The behavior of a workflow should not depend upon the computation time of the tasks involved, including when their computation time is effectively zero because of a cache hit.
Each expression is run exactly once in an execution.
When considering using a cached result from another execution, the scheduler should check for reactivity to changing code or to the “validity” of the cached values (up to the cache approximation preferences of the user). Within an execution, it does not do so.

Redun implements three interrelated but distinct ideas related to the efficient execution of workflows:

Unique expressions: Within a single execution of a workflow, there are some situations where we identify that an entire expression is reused and should only be run once.
Common Sub-expression Elimination (CSE): Within a single execution of a workflow, we look for cases of a Task being rerun with identical inputs, allowing us to reuse the result.
Caching: We look for opportunities to reuse the results of a Task from a different execution. Additional checks are required to ensure this is appropriate.

Although CSE is a form of caching/memoization, as much a possible, we reserve the term “caching” for cases where the result came from a different execution, whereas CSE is within a single execution. We explain these in detail in the following sections.

Single vs Ultimate reductions#

Before explaining the scheduler behaviors, we need to briefly introduce the concept of reductions. For a longer exposition, see Graph reduction caching. Consider the following snippet:

@task
def deeply_nested():
    return "hello"

@task
def nested():
    return deeply_nested()

@task
def main():
    return nested()

When we execute main(), redun will recursively evaluate the result until we get to the grounded result, "hello". However, in a caching/memoization setting, there are actually two possible answers. First, a single reduction of main() is just the first round of evaluation, which is the expression nested(). Second, the ultimate reduction of main() is the result from the complete recursive evaluation, "hello".

As we will see below, redun uses both approaches. If we think about caching the value of main(), it is attractive to think about the ultimate reduction, so that we can jump straight to the final answer. However, redun sometimes uses single reductions, because this allows it to be more careful.
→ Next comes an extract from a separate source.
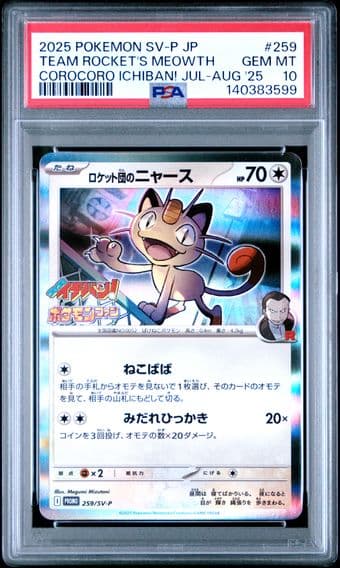 2025 #259 Team Rocket's Meowth PSA 10 Japanese SV-P Promo Pokemon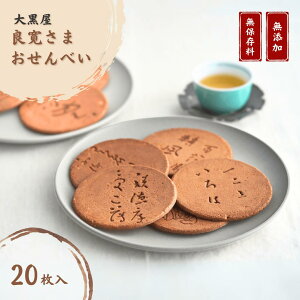 yӂ邳Ɣ[Łzyفz单 Ǌ܂ׂ 10`20  i Mtg aَq  V o_蒬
Unique evaluation of expressions#

To introduce expression caching, consider the following basic Python code:

def f(input):
  result = ...
  return result

input = ...
x = f(input)
list1 = [x, x]
list2 = [f(input), f(input)]

Assuming that f is deterministic, these two lists would be nearly the same. However, the first would only invoke f once, and would contain two references to the same object; the second would invoke f twice and would produce two distinct objects with the same value. To ensure that redun behaves the same way, we ensure that each expression object is executed exactly once.
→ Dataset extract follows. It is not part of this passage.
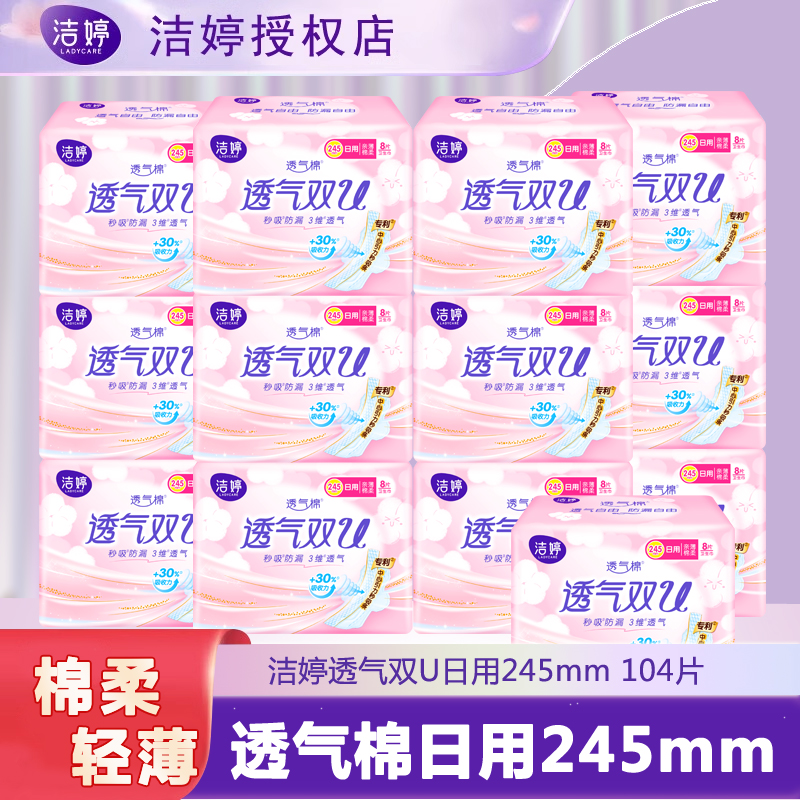 洁婷卫生巾透气双u棉柔日用245mm姨妈女组合装整箱官方旗舰店正品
Consider the following example:

def rand():
    return random.random()

def main():
  x = rand()
  return {"x1": x, "x2": x, "y": rand(), "z": rand()} 

The user clearly wants the random task to be called three time, not four, and produce a result like this:

{"x1": 0.183, "x2": 0.183, "y": 0.881, "z": 0.354} 

If we make this a redun task:

@task(cache_scope=CacheScope.NONE)
def rand():
    return random.random()

@task
def main():
  x = rand()
  return {"x1": x, "x2": x, "y": rand(), "z": rand()} 

when the implementation of main is actually run, it generates a dictionary of lazy expression objects:

{"x1": <expression 1>, "x2": <expression 1>, "y": <expression 2>, "z": <expression 3>} 

The scheduler will recurse through the dictionary values, looking for expressions it needs to run. All of these expressions have identical hashes, so they will all be deduplicated and run exactly once. The scheduler applies an ultimate reduction for the entire expression. This is quite different from the original python code, for example, we might get this result:

{“x1”: 0.183, “x2”: 0.183, “y”: 0.183, “z”: 0.183}

This deduplication is based on the hash of the entire expression object. There are some subtle scoping rules involved. Rather than trying to explain them fully, we will simply note that they are designed for the situation depicted in these examples, where an expression is reused in several places within the result returned from a task.
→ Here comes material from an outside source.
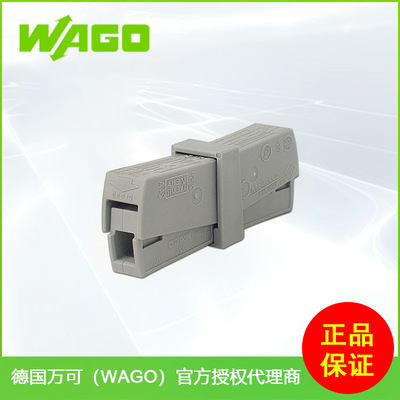 德国万可wago原厂正品 224-201导线连接器1进1出照明器具用连接器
This feature will likely change in the future so that redun produces the same output as the original random python example.

Common Sub-expression Elimination (CSE)#

Within the scope of a single redun execution, redun is careful not to rerun a Task with the same arguments.

This behavior is performed at the level of Tasks, since it allows us to correctly handle cases like this: expensive_task(add(1, 3)) + expensive_task(add(2,2)). These expressions are obviously different, unique expression logic would not apply. However, once we start evaluating the user code, we can determine that there are two identical calls to expensive_task(4), which we only need to do once! Redun is careful to check for CSE between jobs that are still in-flight. The in this example, events would likely play out in this order:

Schedule add(1, 3) for execution
Schedule add(2, 2) for execution
Get result add(1, 3) -> 4
Schedule expensive_task(4) for execution
Get result add(2, 2) -> 4
Start scheduling expensive_task(4) again, but realize that it’s already in-flight. We can simply wait for it!
Get result expensive_task(4) -> expensive_value, which we will use twice
Schedule expensive_value + expensive_value

Of course, CSE will also work if the previous run is already finished.

CSE applies an ultimate reduction. After all, we just computed the result ourselves, so we can be aggressive about reusing it. Errors will be propagated through CSE.

Task caching#

Task caching refers to using the redun backend to find and replaying the result of a Task from a prior execution. The redun database creates persistence for this cache, allowing caching to span multiple executions, processes, hosts, etc. In general, we need to be more careful than with CSE, that the cached value is appropriate to use.

Task caching operates at the granularity of a single call to a Task with concrete arguments. Recall that the result of a Task might be a value, or another expression that needs further evaluation. In its normal mode, caching uses single reductions, stepping through the evaluation. See the Results caching section, for more information on how this recursive checking works.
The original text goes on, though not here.